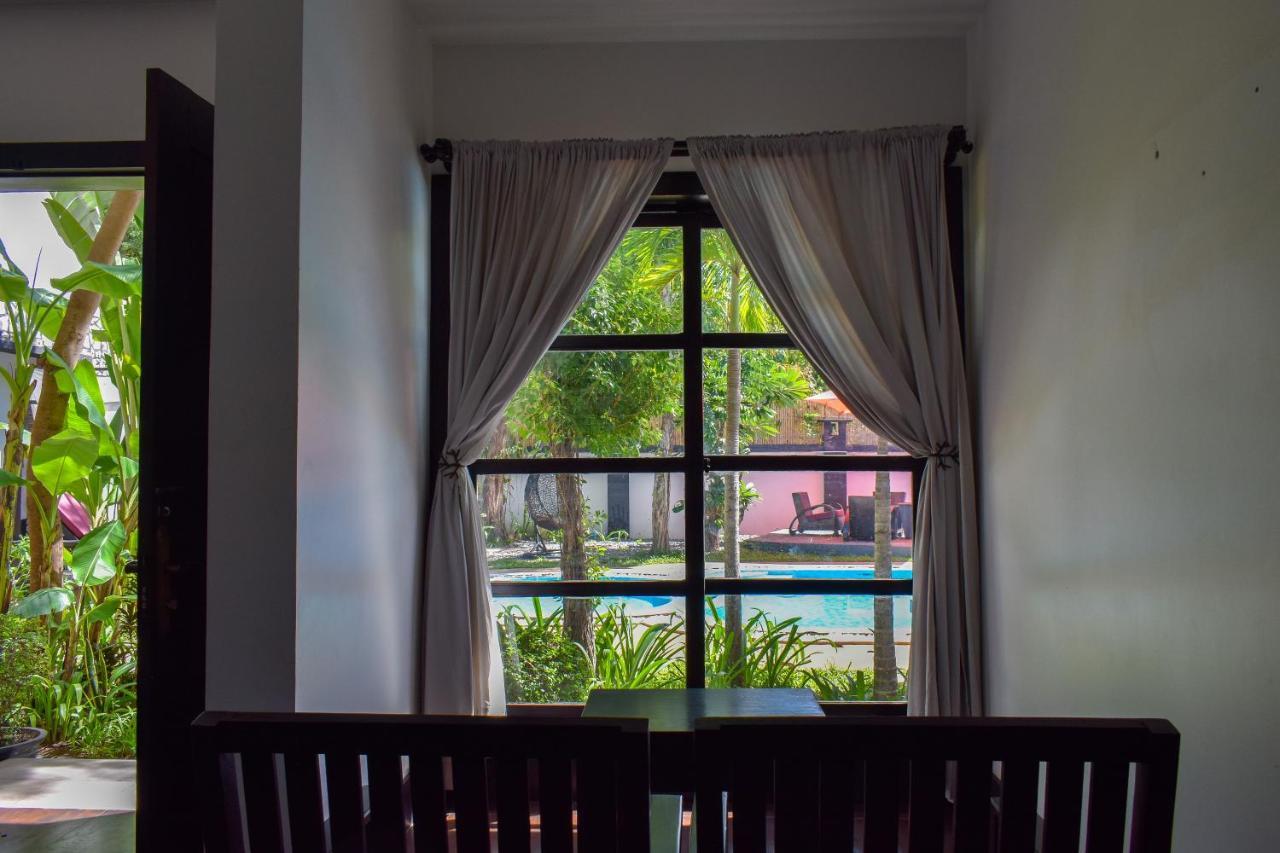 Prana Hotel Sziemreap Kültér fotó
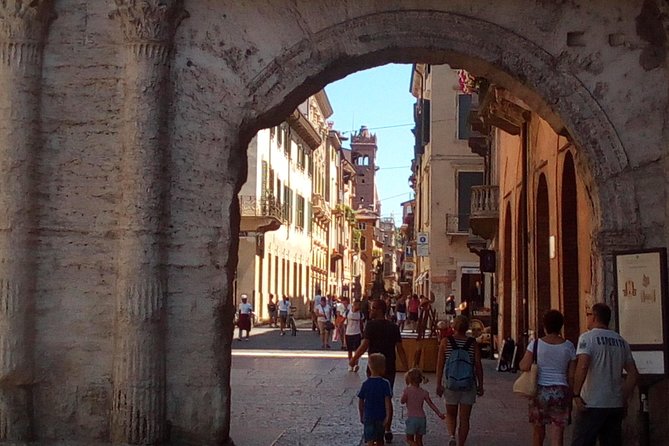 Verona Moonlight Walking Tour - Whats Included in the Tour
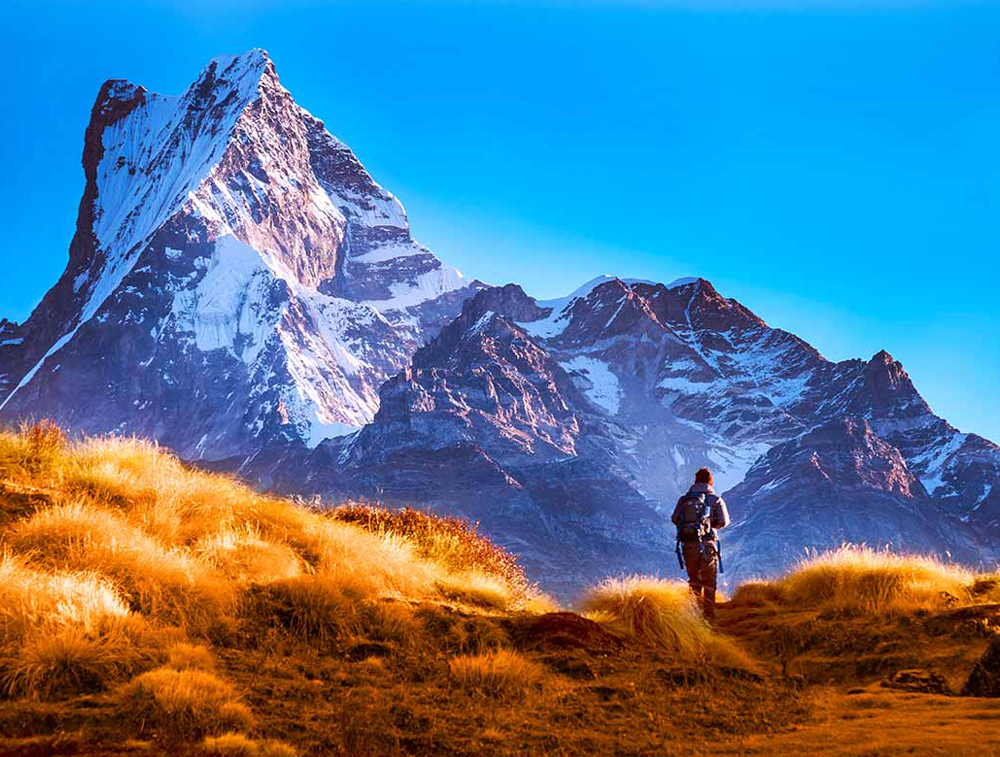 Mardi Himal Trek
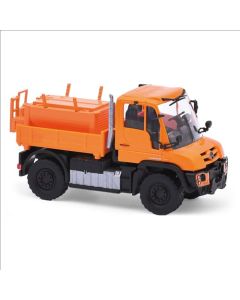 MB Unimog U430 mit Asphalt-Thermofass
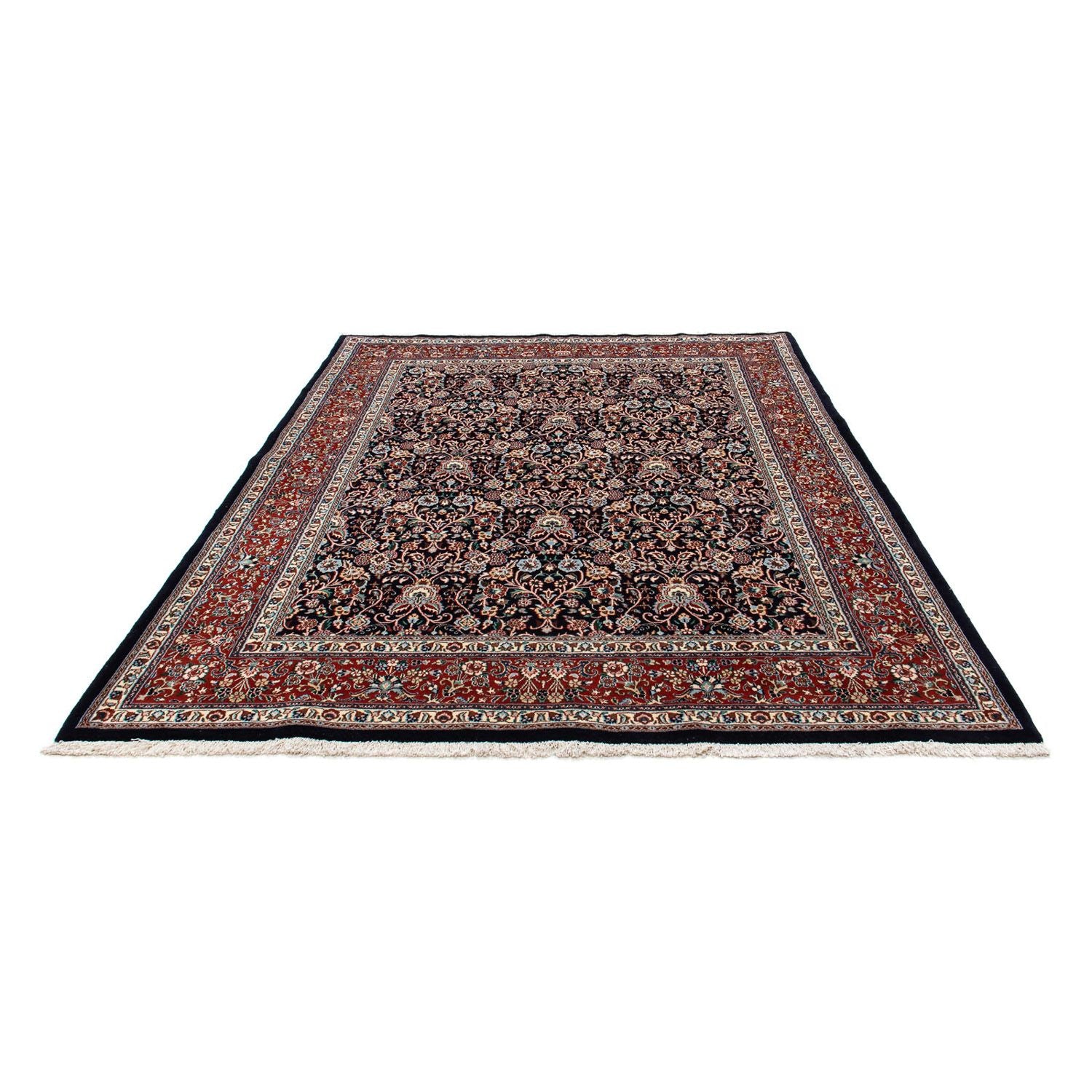 Perserteppich - Classic 239 x 181 cm - dunkelblau
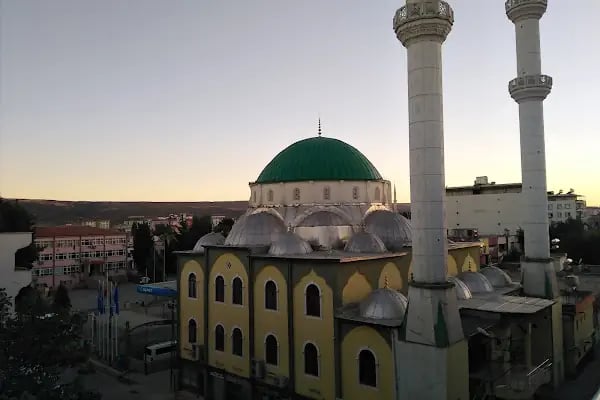 YEŞİLOVA CAMİ - Resim 17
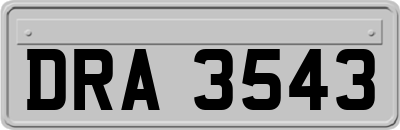 DRA3543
****
Each entry gets copied exactly; the pictures stay out.

Reply to the task.
 Prana Hotel Sziemreap Kültér fotó
 Verona Moonlight Walking Tour - Whats Included in the Tour
 Mardi Himal Trek
 MB Unimog U430 mit Asphalt-Thermofass
 Perserteppich - Classic 239 x 181 cm - dunkelblau
 YEŞİLOVA CAMİ - Resim 17
 DRA3543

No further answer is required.